Марина подняла взгляд:
— Пусть сначала спросит, можно ли ей тут остаться.
— Что?
— Четвёртый день я сплю с ребёнком на диване. Встаю в пять тридцать, стою у плиты до вечера. А ты мне — постельное купи?
— Мама больная…
— Больная. Но никто не спрашивал, удобно ли мне. Денег — ноль. А ты — претензии!
— Я не…
— Пусть перестанет жаловаться! Или едет к Маргарите — там и лечится.
— Врач же…
— Врач сказал лежать. Не сказал — где.
— Мариш, я не хотела…
— А вышло — обременили. Что дальше — массаж, икра, телевизор в спальню?
— Ты как с матерью!
— Как с человеком, который не спросил, можем ли мы это всё.
Она взяла куртку:
— Уеду к маме. Подумать, как жить дальше.
— Ты серьёзно?
— Очень. Половина бюджета — моя. Уважайте это.
Марина ушла. Лена выглянула из комнаты:
— Мама куда?
— К бабушке…
— Надолго?
— Не знаю.
Впервые за десять лет она не стала молчать, подстраиваться, терпеть. Просто встала и ушла.
Жалость — не повод превращать жену в бесплатную сиделку. Особенно там, где всем удобно, кроме неё.
Марина шла по вечерней улице, не оглядываясь.
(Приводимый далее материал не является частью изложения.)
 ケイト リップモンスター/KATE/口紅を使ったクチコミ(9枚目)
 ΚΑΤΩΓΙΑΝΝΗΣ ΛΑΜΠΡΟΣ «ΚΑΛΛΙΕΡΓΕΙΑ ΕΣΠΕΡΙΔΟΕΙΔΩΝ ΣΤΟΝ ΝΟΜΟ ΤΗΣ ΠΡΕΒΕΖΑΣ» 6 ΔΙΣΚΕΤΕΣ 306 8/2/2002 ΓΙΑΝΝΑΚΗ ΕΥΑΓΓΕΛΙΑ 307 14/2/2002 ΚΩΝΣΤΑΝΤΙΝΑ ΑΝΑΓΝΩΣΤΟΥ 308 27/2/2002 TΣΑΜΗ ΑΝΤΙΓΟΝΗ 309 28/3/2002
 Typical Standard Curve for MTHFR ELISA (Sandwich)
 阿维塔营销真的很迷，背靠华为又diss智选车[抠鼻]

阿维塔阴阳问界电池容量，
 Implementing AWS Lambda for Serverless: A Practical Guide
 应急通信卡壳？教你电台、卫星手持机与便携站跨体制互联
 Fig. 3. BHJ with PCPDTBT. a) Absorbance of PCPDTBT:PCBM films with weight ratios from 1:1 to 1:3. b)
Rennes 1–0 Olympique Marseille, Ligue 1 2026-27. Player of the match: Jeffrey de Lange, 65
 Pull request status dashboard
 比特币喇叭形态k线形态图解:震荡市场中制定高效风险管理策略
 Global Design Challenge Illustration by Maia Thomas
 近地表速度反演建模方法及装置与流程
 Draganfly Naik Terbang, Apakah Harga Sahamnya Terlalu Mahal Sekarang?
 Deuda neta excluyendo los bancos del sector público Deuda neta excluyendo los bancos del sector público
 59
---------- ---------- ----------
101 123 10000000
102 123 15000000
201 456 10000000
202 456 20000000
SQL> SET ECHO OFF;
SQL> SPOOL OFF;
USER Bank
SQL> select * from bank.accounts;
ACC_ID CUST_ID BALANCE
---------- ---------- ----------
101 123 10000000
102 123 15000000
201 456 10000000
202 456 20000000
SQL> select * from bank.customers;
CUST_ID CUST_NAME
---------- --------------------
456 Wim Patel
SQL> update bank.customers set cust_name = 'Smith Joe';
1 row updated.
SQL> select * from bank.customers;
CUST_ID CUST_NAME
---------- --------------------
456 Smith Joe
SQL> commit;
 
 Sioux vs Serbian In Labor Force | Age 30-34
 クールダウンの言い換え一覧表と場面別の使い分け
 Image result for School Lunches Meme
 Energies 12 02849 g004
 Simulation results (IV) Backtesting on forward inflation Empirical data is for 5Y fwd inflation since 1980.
В груди было пусто и тяжело, как после долгого молчания, за которым вдруг пришло озарение. Она не кричала, не хлопала дверью, не бросала обвинений — только сказала вслух то, что долго сдерживала внутри.
Это был не побег. Это было возвращение к себе.
У подъезда её мамы светилось окно. Там, внутри, её ждала тишина. Тёплое одеяло. Никто не потребует сменить бельё, не скомандует купить подушку, не обвинит в черствости.
Марина нажала на домофон и впервые за много лет почувствовала: она не сломалась — она вышла. Из круга. Из роли. Из обязанности быть удобной.
Иногда уход — это не слабость. Это форма любви. К себе.